● **What you are asked to do**: The listing that follows should be duplicated character for character.
*** Records shown Section Begins ***
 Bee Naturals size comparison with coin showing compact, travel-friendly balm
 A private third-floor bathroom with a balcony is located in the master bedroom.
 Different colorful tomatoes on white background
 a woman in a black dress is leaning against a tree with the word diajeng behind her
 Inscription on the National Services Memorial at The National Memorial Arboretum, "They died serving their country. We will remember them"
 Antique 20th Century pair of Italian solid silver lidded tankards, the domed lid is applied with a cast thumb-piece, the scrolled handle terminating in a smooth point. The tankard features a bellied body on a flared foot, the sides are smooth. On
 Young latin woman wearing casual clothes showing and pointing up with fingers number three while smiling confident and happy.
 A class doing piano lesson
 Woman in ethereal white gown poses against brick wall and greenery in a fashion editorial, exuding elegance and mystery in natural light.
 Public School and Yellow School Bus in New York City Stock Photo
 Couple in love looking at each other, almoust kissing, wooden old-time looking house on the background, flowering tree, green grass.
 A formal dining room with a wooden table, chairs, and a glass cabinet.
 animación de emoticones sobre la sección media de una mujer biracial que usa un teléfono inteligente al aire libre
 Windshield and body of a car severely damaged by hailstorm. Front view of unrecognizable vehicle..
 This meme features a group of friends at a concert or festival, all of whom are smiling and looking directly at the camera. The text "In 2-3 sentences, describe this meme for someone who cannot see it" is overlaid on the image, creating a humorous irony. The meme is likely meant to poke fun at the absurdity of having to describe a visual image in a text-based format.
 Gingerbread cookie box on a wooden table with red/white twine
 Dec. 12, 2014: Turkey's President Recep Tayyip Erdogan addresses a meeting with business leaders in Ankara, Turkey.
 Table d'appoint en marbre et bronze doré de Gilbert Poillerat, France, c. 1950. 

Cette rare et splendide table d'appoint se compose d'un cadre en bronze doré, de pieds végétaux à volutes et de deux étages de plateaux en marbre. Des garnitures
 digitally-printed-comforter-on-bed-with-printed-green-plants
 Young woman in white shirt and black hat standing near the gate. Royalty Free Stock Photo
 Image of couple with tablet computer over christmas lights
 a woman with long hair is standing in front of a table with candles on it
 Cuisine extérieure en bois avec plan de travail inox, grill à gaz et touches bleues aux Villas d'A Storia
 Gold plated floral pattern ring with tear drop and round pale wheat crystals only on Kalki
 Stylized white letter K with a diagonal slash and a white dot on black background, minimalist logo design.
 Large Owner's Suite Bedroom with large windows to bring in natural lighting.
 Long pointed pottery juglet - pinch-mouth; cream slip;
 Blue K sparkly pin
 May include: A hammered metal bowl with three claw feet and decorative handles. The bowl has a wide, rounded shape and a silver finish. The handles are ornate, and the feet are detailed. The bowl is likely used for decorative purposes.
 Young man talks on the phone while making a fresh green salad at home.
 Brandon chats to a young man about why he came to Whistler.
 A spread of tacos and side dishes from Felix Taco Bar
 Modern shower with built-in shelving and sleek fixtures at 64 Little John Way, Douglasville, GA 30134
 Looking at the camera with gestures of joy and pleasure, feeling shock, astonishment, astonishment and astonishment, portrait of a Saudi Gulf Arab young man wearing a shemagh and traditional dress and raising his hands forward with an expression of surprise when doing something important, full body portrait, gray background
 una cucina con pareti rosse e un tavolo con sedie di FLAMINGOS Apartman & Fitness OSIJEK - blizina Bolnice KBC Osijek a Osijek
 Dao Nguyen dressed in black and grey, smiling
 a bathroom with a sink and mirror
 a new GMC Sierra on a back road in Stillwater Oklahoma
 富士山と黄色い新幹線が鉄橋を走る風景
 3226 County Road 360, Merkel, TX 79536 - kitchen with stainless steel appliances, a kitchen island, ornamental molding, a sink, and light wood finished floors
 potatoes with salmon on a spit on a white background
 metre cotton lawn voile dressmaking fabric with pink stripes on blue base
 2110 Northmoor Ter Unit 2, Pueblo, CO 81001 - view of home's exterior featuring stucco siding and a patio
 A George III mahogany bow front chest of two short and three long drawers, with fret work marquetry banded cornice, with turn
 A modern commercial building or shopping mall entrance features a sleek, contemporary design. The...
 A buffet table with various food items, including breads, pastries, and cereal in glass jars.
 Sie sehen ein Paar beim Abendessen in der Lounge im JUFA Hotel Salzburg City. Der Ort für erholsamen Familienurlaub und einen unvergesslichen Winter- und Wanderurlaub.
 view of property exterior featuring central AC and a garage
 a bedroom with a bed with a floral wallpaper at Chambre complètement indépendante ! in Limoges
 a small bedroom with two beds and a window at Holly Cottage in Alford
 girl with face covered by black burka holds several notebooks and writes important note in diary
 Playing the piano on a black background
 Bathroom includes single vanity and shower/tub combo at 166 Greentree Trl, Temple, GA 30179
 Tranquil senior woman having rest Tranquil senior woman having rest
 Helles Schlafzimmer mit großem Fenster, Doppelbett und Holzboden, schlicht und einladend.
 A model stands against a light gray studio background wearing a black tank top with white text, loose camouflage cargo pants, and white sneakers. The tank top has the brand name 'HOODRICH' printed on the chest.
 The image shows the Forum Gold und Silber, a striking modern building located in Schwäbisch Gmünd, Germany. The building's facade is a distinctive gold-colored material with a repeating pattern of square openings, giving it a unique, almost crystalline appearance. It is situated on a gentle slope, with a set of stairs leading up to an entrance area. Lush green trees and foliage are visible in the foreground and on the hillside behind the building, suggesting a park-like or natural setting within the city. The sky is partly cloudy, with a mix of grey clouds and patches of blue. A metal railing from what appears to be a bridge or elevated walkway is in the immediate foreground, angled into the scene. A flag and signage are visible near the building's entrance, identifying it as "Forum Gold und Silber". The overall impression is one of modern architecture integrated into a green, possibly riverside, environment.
*** Records shown Section Ends ***
● **Output**:
 Bee Naturals size comparison with coin showing compact, travel-friendly balm
 A private third-floor bathroom with a balcony is located in the master bedroom.
 Different colorful tomatoes on white background
 a woman in a black dress is leaning against a tree with the word diajeng behind her
 Inscription on the National Services Memorial at The National Memorial Arboretum, "They died serving their country. We will remember them"
 Antique 20th Century pair of Italian solid silver lidded tankards, the domed lid is applied with a cast thumb-piece, the scrolled handle terminating in a smooth point. The tankard features a bellied body on a flared foot, the sides are smooth. On
 Young latin woman wearing casual clothes showing and pointing up with fingers number three while smiling confident and happy.
 A class doing piano lesson
 Woman in ethereal white gown poses against brick wall and greenery in a fashion editorial, exuding elegance and mystery in natural light.
 Public School and Yellow School Bus in New York City Stock Photo
 Couple in love looking at each other, almoust kissing, wooden old-time looking house on the background, flowering tree, green grass.
 A formal dining room with a wooden table, chairs, and a glass cabinet.
 animación de emoticones sobre la sección media de una mujer biracial que usa un teléfono inteligente al aire libre
 Windshield and body of a car severely damaged by hailstorm. Front view of unrecognizable vehicle..
 This meme features a group of friends at a concert or festival, all of whom are smiling and looking directly at the camera. The text "In 2-3 sentences, describe this meme for someone who cannot see it" is overlaid on the image, creating a humorous irony. The meme is likely meant to poke fun at the absurdity of having to describe a visual image in a text-based format.
 Gingerbread cookie box on a wooden table with red/white twine
 Dec. 12, 2014: Turkey's President Recep Tayyip Erdogan addresses a meeting with business leaders in Ankara, Turkey.
 Table d'appoint en marbre et bronze doré de Gilbert Poillerat, France, c. 1950. 

Cette rare et splendide table d'appoint se compose d'un cadre en bronze doré, de pieds végétaux à volutes et de deux étages de plateaux en marbre. Des garnitures
 digitally-printed-comforter-on-bed-with-printed-green-plants
 Young woman in white shirt and black hat standing near the gate. Royalty Free Stock Photo
 Image of couple with tablet computer over christmas lights
 a woman with long hair is standing in front of a table with candles on it
 Cuisine extérieure en bois avec plan de travail inox, grill à gaz et touches bleues aux Villas d'A Storia
 Gold plated floral pattern ring with tear drop and round pale wheat crystals only on Kalki
 Stylized white letter K with a diagonal slash and a white dot on black background, minimalist logo design.
 Large Owner's Suite Bedroom with large windows to bring in natural lighting.
 Long pointed pottery juglet - pinch-mouth; cream slip;
 Blue K sparkly pin
 May include: A hammered metal bowl with three claw feet and decorative handles. The bowl has a wide, rounded shape and a silver finish. The handles are ornate, and the feet are detailed. The bowl is likely used for decorative purposes.
 Young man talks on the phone while making a fresh green salad at home.
 Brandon chats to a young man about why he came to Whistler.
 A spread of tacos and side dishes from Felix Taco Bar
 Modern shower with built-in shelving and sleek fixtures at 64 Little John Way, Douglasville, GA 30134
 Looking at the camera with gestures of joy and pleasure, feeling shock, astonishment, astonishment and astonishment, portrait of a Saudi Gulf Arab young man wearing a shemagh and traditional dress and raising his hands forward with an expression of surprise when doing something important, full body portrait, gray background
 una cucina con pareti rosse e un tavolo con sedie di FLAMINGOS Apartman & Fitness OSIJEK - blizina Bolnice KBC Osijek a Osijek
 Dao Nguyen dressed in black and grey, smiling
 a bathroom with a sink and mirror
 a new GMC Sierra on a back road in Stillwater Oklahoma
 富士山と黄色い新幹線が鉄橋を走る風景
 3226 County Road 360, Merkel, TX 79536 - kitchen with stainless steel appliances, a kitchen island, ornamental molding, a sink, and light wood finished floors
 potatoes with salmon on a spit on a white background
 metre cotton lawn voile dressmaking fabric with pink stripes on blue base
 2110 Northmoor Ter Unit 2, Pueblo, CO 81001 - view of home's exterior featuring stucco siding and a patio
 A George III mahogany bow front chest of two short and three long drawers, with fret work marquetry banded cornice, with turn
 A modern commercial building or shopping mall entrance features a sleek, contemporary design. The...
 A buffet table with various food items, including breads, pastries, and cereal in glass jars.
 Sie sehen ein Paar beim Abendessen in der Lounge im JUFA Hotel Salzburg City. Der Ort für erholsamen Familienurlaub und einen unvergesslichen Winter- und Wanderurlaub.
 view of property exterior featuring central AC and a garage
 a bedroom with a bed with a floral wallpaper at Chambre complètement indépendante ! in Limoges
 a small bedroom with two beds and a window at Holly Cottage in Alford
 girl with face covered by black burka holds several notebooks and writes important note in diary
 Playing the piano on a black background
 Bathroom includes single vanity and shower/tub combo at 166 Greentree Trl, Temple, GA 30179
 Tranquil senior woman having rest Tranquil senior woman having rest
 Helles Schlafzimmer mit großem Fenster, Doppelbett und Holzboden, schlicht und einladend.
 A model stands against a light gray studio background wearing a black tank top with white text, loose camouflage cargo pants, and white sneakers. The tank top has the brand name 'HOODRICH' printed on the chest.
 The image shows the Forum Gold und Silber, a striking modern building located in Schwäbisch Gmünd, Germany. The building's facade is a distinctive gold-colored material with a repeating pattern of square openings, giving it a unique, almost crystalline appearance. It is situated on a gentle slope, with a set of stairs leading up to an entrance area. Lush green trees and foliage are visible in the foreground and on the hillside behind the building, suggesting a park-like or natural setting within the city. The sky is partly cloudy, with a mix of grey clouds and patches of blue. A metal railing from what appears to be a bridge or elevated walkway is in the immediate foreground, angled into the scene. A flag and signage are visible near the building's entrance, identifying it as "Forum Gold und Silber". The overall impression is one of modern architecture integrated into a green, possibly riverside, environment.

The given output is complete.